Design System
Revamped a loose Figma guide into a token-bound library — then taught it to grow itself with AI agents.
When I joined, “the design system” was a rough Figma style guide — shared elements pulled from the live app, but no real components and no tokens. With our other designer I co-led the rebuild into a true library: real components with full property sets, semantic tokens, and parity across mobile and web. To keep it growing without more hands, I built a pair of AI agents that create and review new components against our tokens and HIG/Material rules.
A style guide,
not a system
The starting point was a Figma file used as a reference — consistent-looking elements pulled from the live app, but nothing was a real component. Every new screen meant redrawing or copy-pasting from the guide; values drifted between the two of us; and there was no way to ship dark mode or retheme without editing every file by hand. Spanning mobile and web with two designers, that simply didn’t scale.
From style guide
to autonomous system
Four phases, each one removing more friction from the design workflow.
builder.md + evaluator.md — to automate creating and reviewing components.Under NDA — the Mobile & Web assets that follow show only a small slice of the system; the full component set and production details can’t be shared publicly.
Mobile foundations
& components
Implemented the iOS & Android library from the ground up — a type ramp, a spacing scale, and a set of componentized primitives. Every fill, stroke, and dimension binds to a semantic token, so light/dark themes and platform variants flow through the whole library from a single source.















































One token core,
the whole dark system
Every primitive above binds to the same semantic tokens — so the entire library rethemes to dark from a single source, no redraws. The mobile set, rendered on its dark surface, before the same core extends to web.


















Web parity —
same tokens, wider canvas
Extended the system to web with a shared token core. The type scale opens up for desktop reading, layout moves to a wider column grid, and the component set adds the web-native primitives (sidebars, data tables, toolbars) on top of the mobile foundations.
















Native to the wrist —
watchOS & Wear OS
The newest surface for the system, on both wrists.

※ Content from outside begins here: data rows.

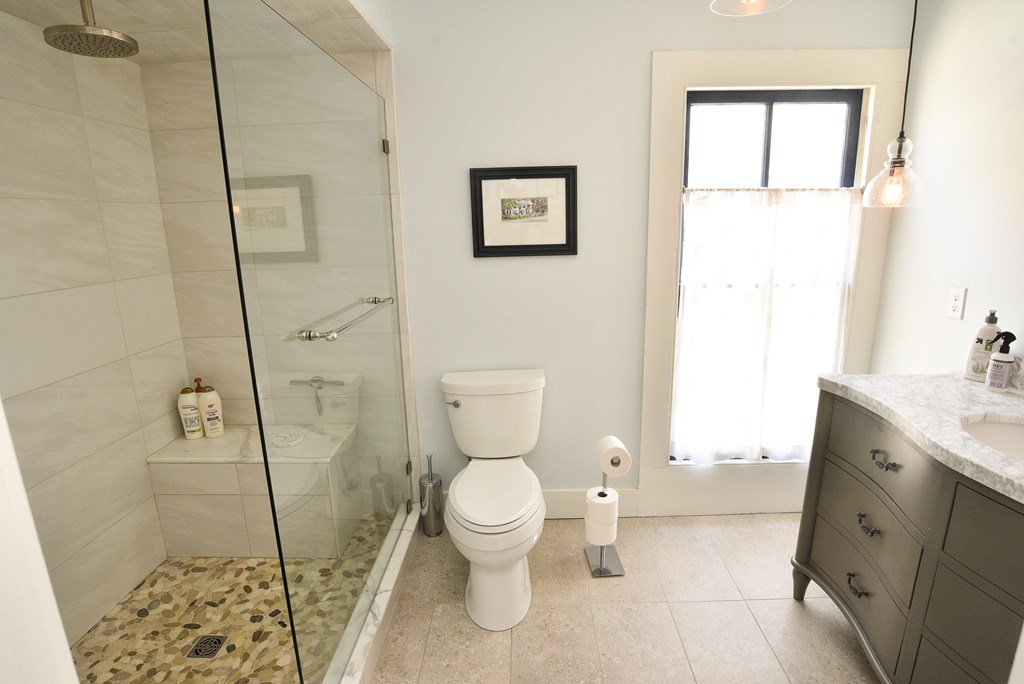 Cape Charles, Virginia, 23310, United States, 3 Bedrooms Bedrooms, ,4 BathroomsBathrooms,Residential,For Sale,1826996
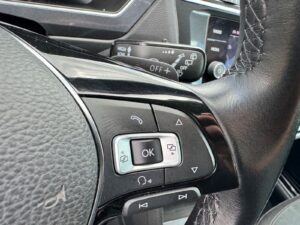 Fahrzeugabbildung Volkswagen Tiguan R-Line* 4Motion*LED*DSG*ACC*CAM*AHK*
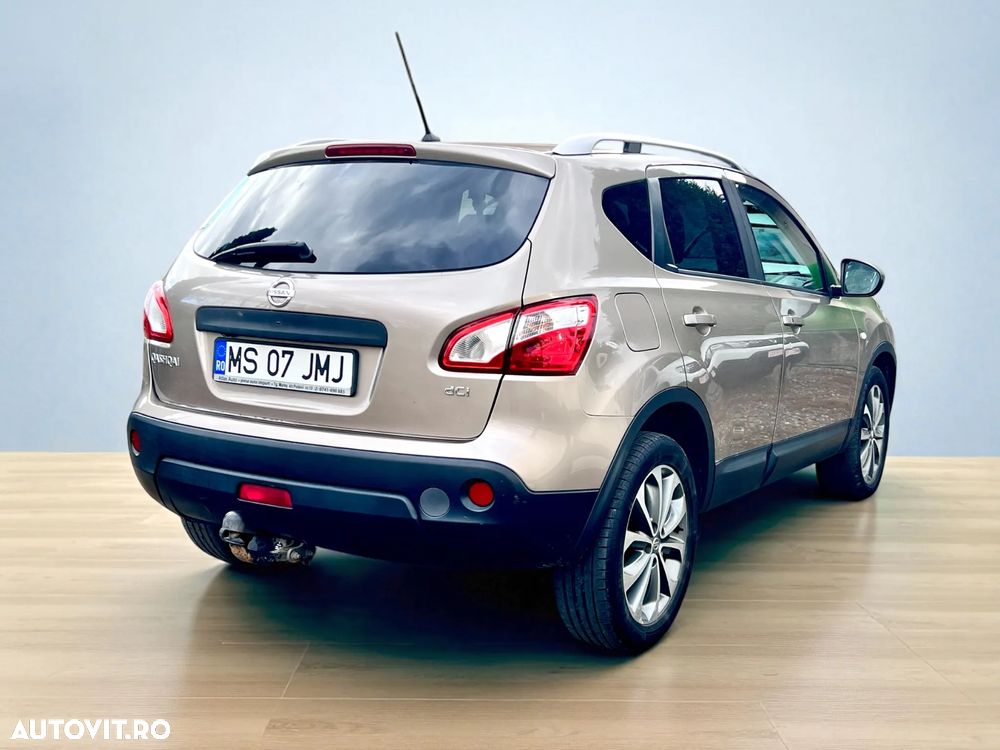 Nissan Qashqai 2.0 dCi DPF 4x4 Aut tekna - 3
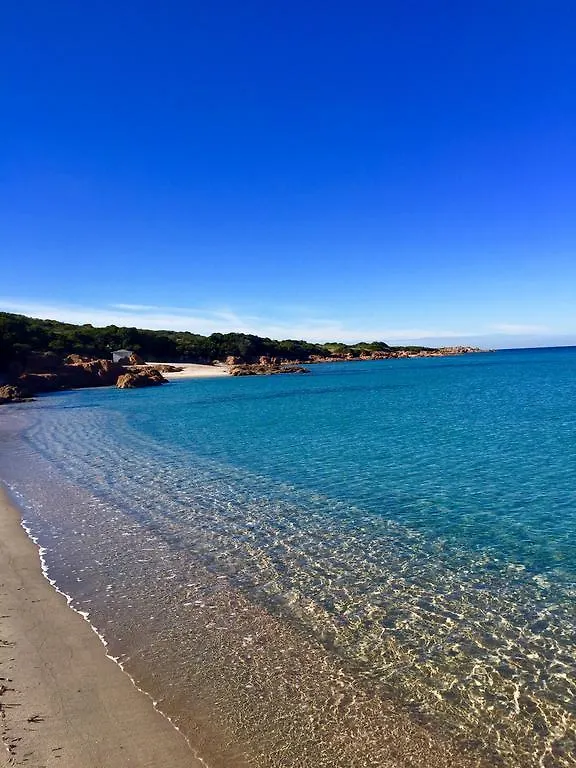 Appartamenti In Villa La Marinedda Isola Rossa  Italie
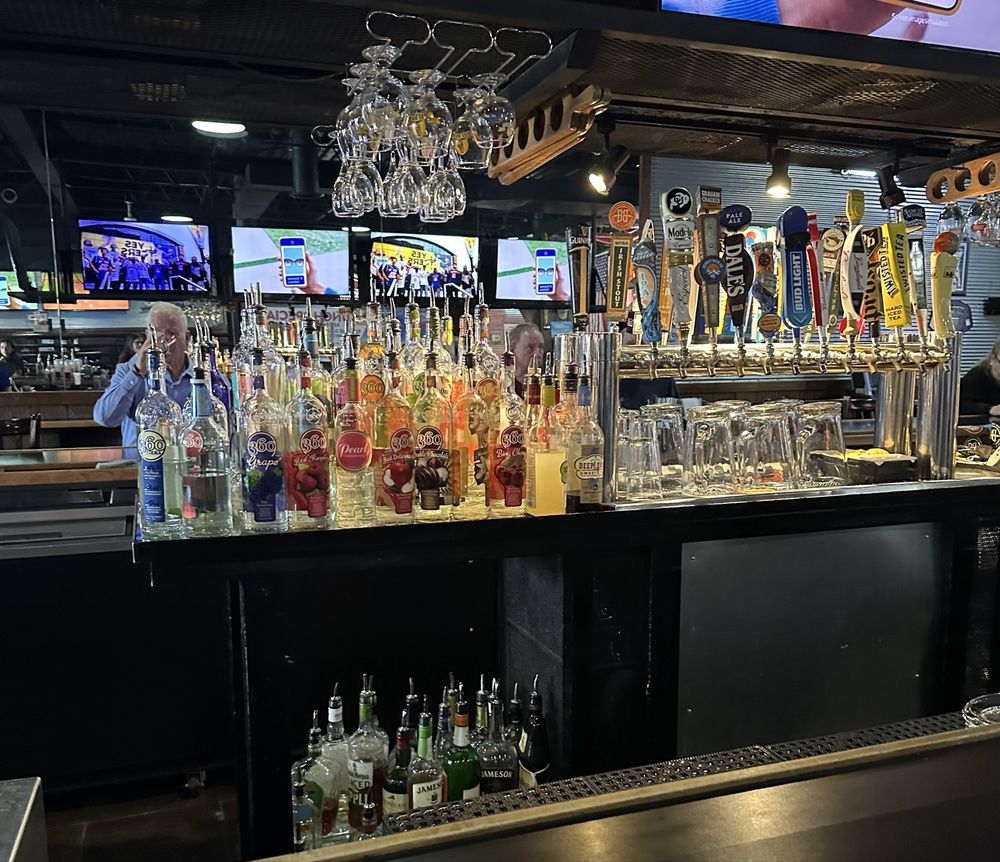 The Dam Grille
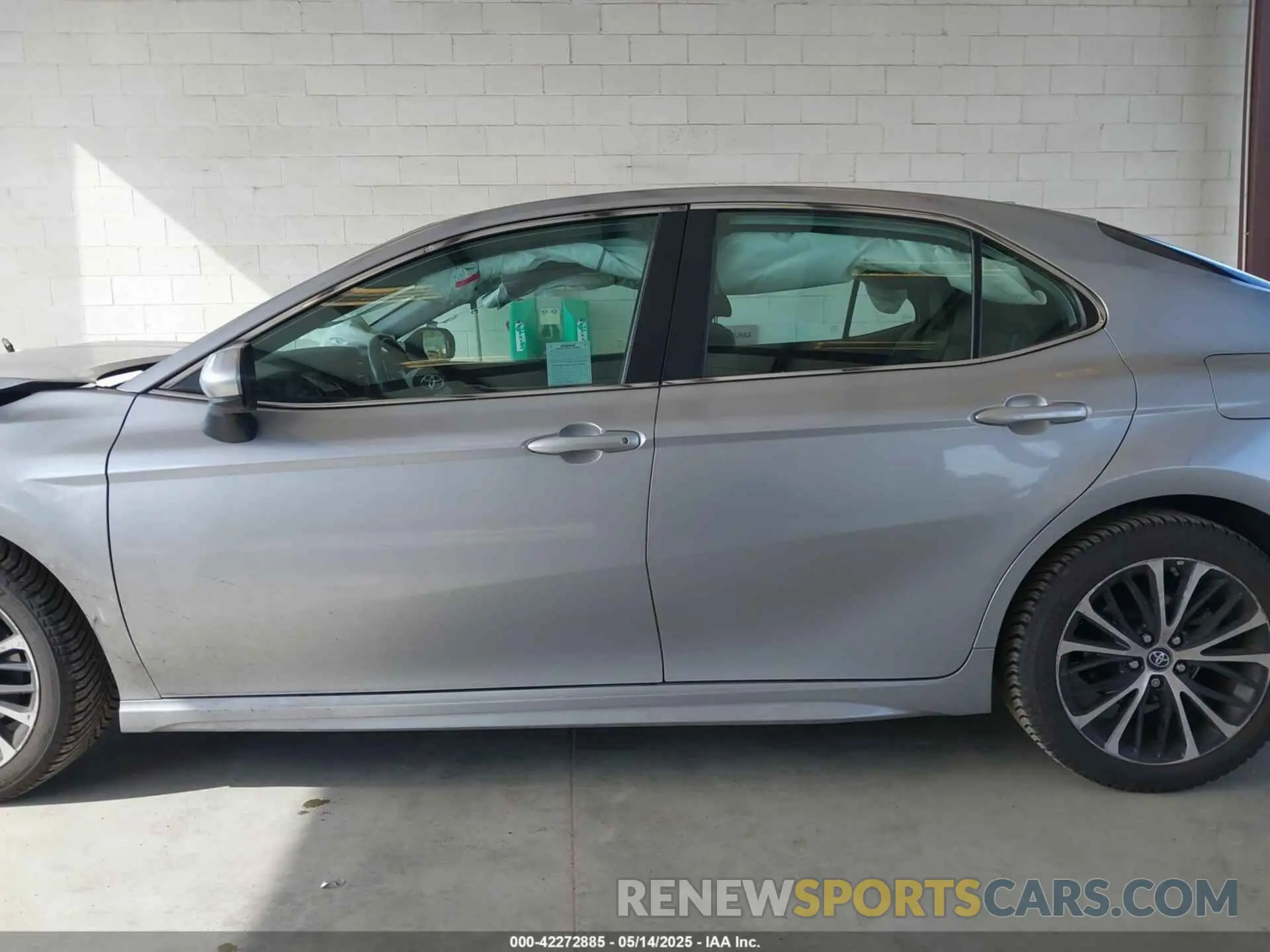 14 Photograph of a damaged car 4T1B11HK4KU749358 TOYOTA CAMRY 2019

Rather than shrink the phone UI onto a 1-inch screen, I built the watch set on each platform’s native foundations — Apple’s watchOS and Android’s Wear OS title and card patterns — then layered our own brand components on top. It reads as native to each platform while staying recognisably ours, and still binds to the same token core as mobile and web.










Automate the build,
gate the publish
A 2-designer team can’t scale linearly with the product. So I built our component-creator skill as two agents — builder.md and evaluator.md — that automate the repetitive half of design-system work. Both follow one rule: every built component is a 1-to-1 mirror of its source frame — bind tokens, expose every property, never invent or silently “fix.”
What changed
The biggest pain for a 2-person team was time. Componentizing the library bought back hours and the agents bought back days — but the bigger payoff came later, when the same token core became the launchpad for a brand refresh.
to the rebrand
What I Learned
Adapt before you create. A 2-person team can’t out-work a growing product, so most of my calls optimized for leverage over short-term speed. The builder treats “make a new component” as a last resort — it adapts an existing one by default. Reuse is what keeps a library coherent; every net-new primitive is a future maintenance cost.

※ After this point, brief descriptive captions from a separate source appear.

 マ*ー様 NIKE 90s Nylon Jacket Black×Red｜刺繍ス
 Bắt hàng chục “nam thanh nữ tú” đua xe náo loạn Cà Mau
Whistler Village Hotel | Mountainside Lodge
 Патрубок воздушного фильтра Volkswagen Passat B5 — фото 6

Fidelity over cleverness — and a gate to enforce it. The hard call was making the AI boring — a 1-to-1 mirror of the source frame, never inventing or silently “fixing,” because a design system that quietly improves things is a system you can’t trust. So builder and evaluator are split on purpose: an independent gate — one that can recommend but never publish — catches the drift that self-review rationalizes away.

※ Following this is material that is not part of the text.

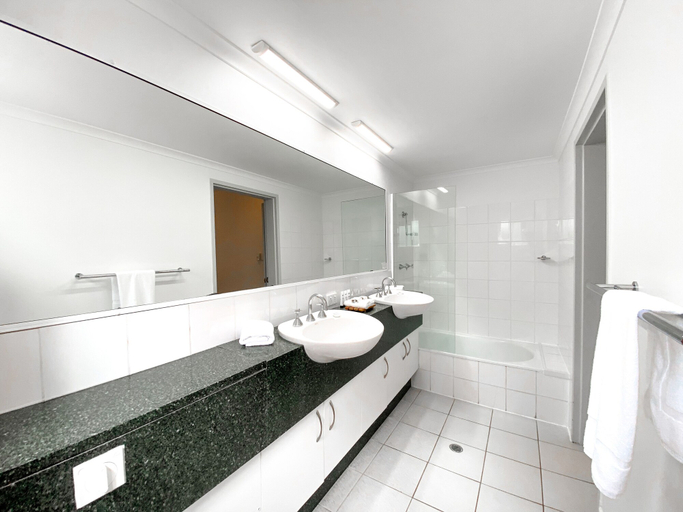 Bathroom 4, Beach Terraces- Port Douglas, Douglas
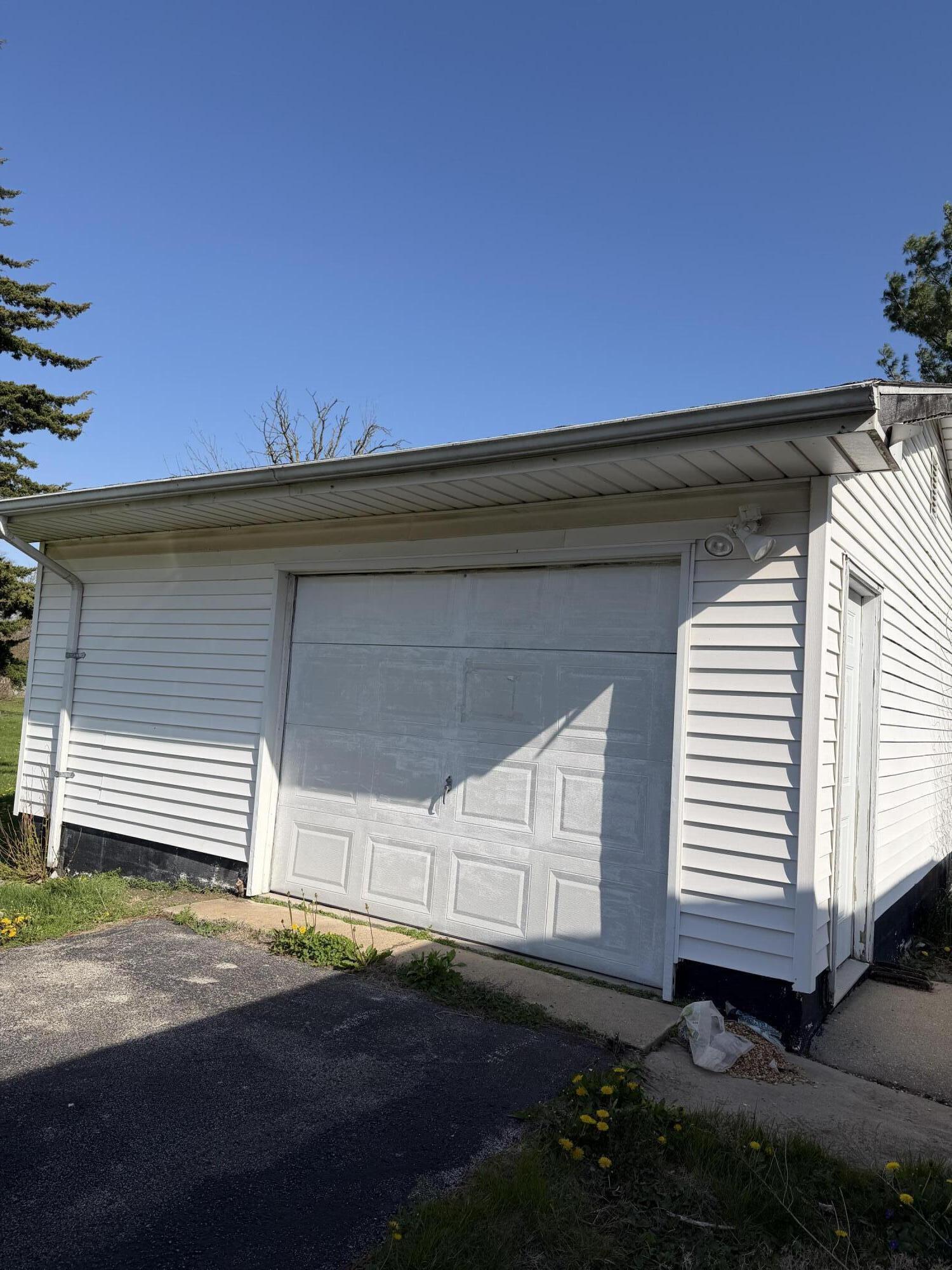 222 West Prairie Avenue Goodland, IN 47948 - Photo 2 of 13 1500x2000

Tokens first, even when slower. Binding every value to a semantic token cost time up front and felt like overkill at a dozen components. It’s exactly what later turned a full rebrand into a config change instead of a rebuild.
The real test is organizational, not technical. The agents are the newest piece — whether a teammate who didn’t build them can drive them, and whether the evaluator’s bar holds as components get more complex. Designing for that hand-off is where I’d put the next round of work.